Pain & Suffering – A Lost Cause??
How to get over 10% WPI
One of the biggest problems that innocent motor vehicle accident victims have when they bring their claim for compensation for the personal injury and loss that they have suffered as a result of someone else’s negligence, is that all too often they find out that they are not entitled to any amount for pain and suffering. This is even though they have, very often, suffered very serious injuries including spinal injuries, multiple fractures, broken limbs, scarring and so on.
The reason for that is because the Government has said that before any innocent motor vehicle accident victim is entitled to any amount for pain and suffering they need to be assessed by the Medical Assessment Service (MAS), a division of the Motor Accidents Authority of NSW (MAA), as having greater than 10% whole person impairment (WPI).
Most people think this should be fairly easy to establish. The problem is that the doctors who assess WPI, are appointed by MAS and are required to apply a set of guides that were developed in America and which were never intended to be used for compensation purposes. As a result we find that many many clients, often with very serious injuries, are assessed at not having greater than 10% WPI and therefore do not get anything for their pain and suffering. In fact, in our experience, at least 80% to 90% of all injured motor vehicle accident victims miss out on compensation for pain and suffering altogether!
For many claimants such as students, housewives, retirees and the unemployed, who cannot claim any wage loss, this can often mean that they are left with next to nothing to claim at all.
Consequently it becomes all important in every case to do all that we possibly can to get the client assessed over this 10% WPI threshold. Our motto when it comes to this is, “If at first we don’t succeed then try, try again.”
A good example of this occurred in a recent case for one of my clients who suffered very serious injuries in a motor vehicle accident many years ago now. We’ll call him, John.
John was injured as he was riding his motorcycle, during his work, along Old Windsor Road in Sydney when another driver made a right hand turn across his path and there was a collision. John suffered multiple injuries including a closed head injury, which rendered him unconscious for a time, a fracture of the left elbow and a fracture to the left forearm. John was admitted to hospital and had a lengthy rehabilitation. As he was left handed his left arm and elbow injuries caused him particular difficulty.

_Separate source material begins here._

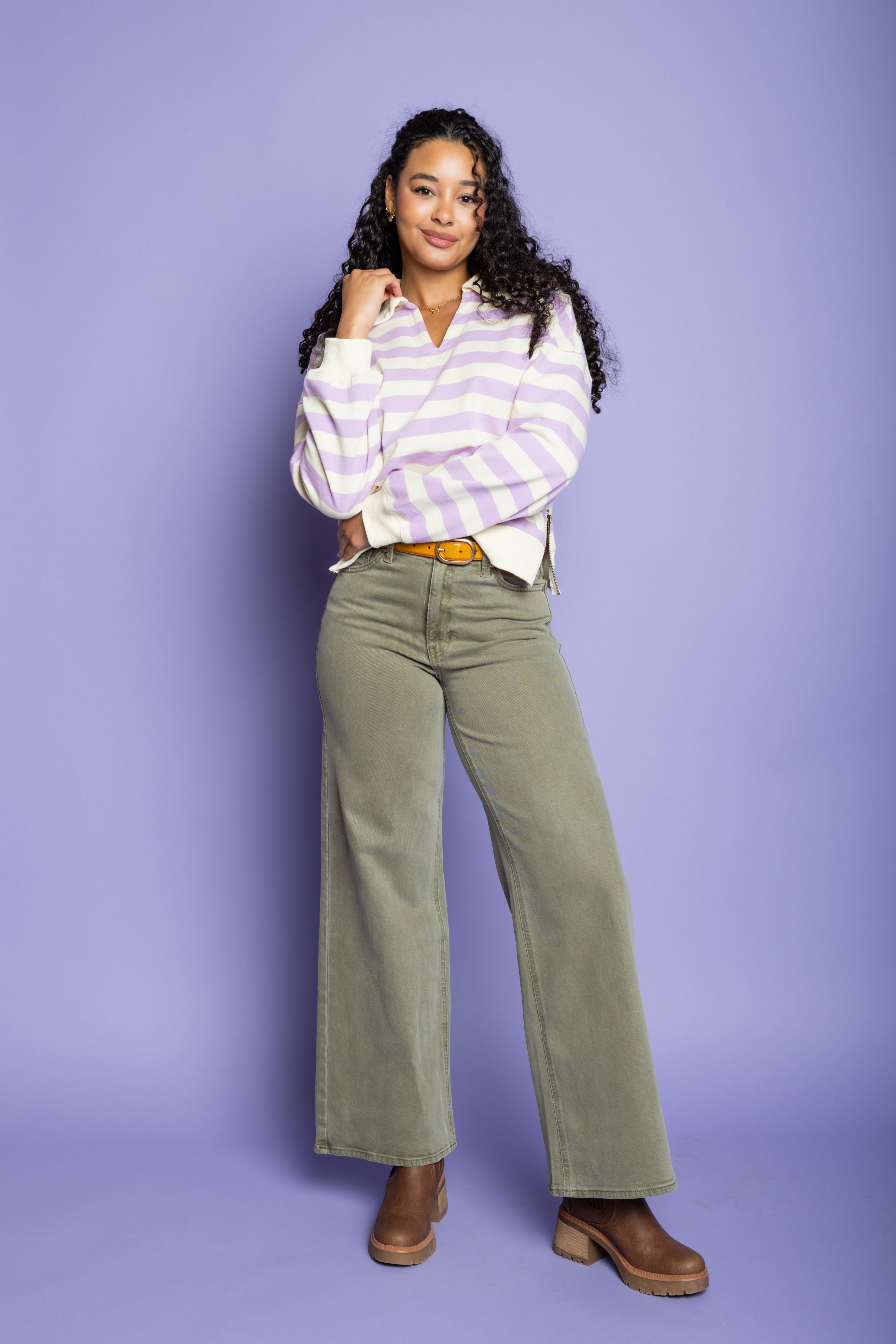 Model is wearing a purple striped top with green wide-leg pant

Because of the injuries he was unable to return to his previous employment as a courier and to give you some idea just how serious the consequences were for him he has received workers compensation payments to date in excess of $300,000. However, when it came to MAS, he was assessed as having only 10% WPI. But because he wasn’t assessed as having greater than 10% WPI this meant that he wasn’t entitled to a single solitary cent to compensate him for any of the pain and suffering that he had endured as a result of the serious injuries which he suffered and which he would continue to suffer for the rest of his life.
I, of course, was not taking that lying down and so I brought an application for further assessment. To my dismay the second MAS Assessor reduced the original assessment from 10% WPI down to 4% WPI!
However, when I looked into the second Assessor’s report in more detail, I realised that he had simply failed to assess a significant component of John’s claim. Consequently I made an application for review of this assessment by the MAS Review Panel made up of three independent doctors.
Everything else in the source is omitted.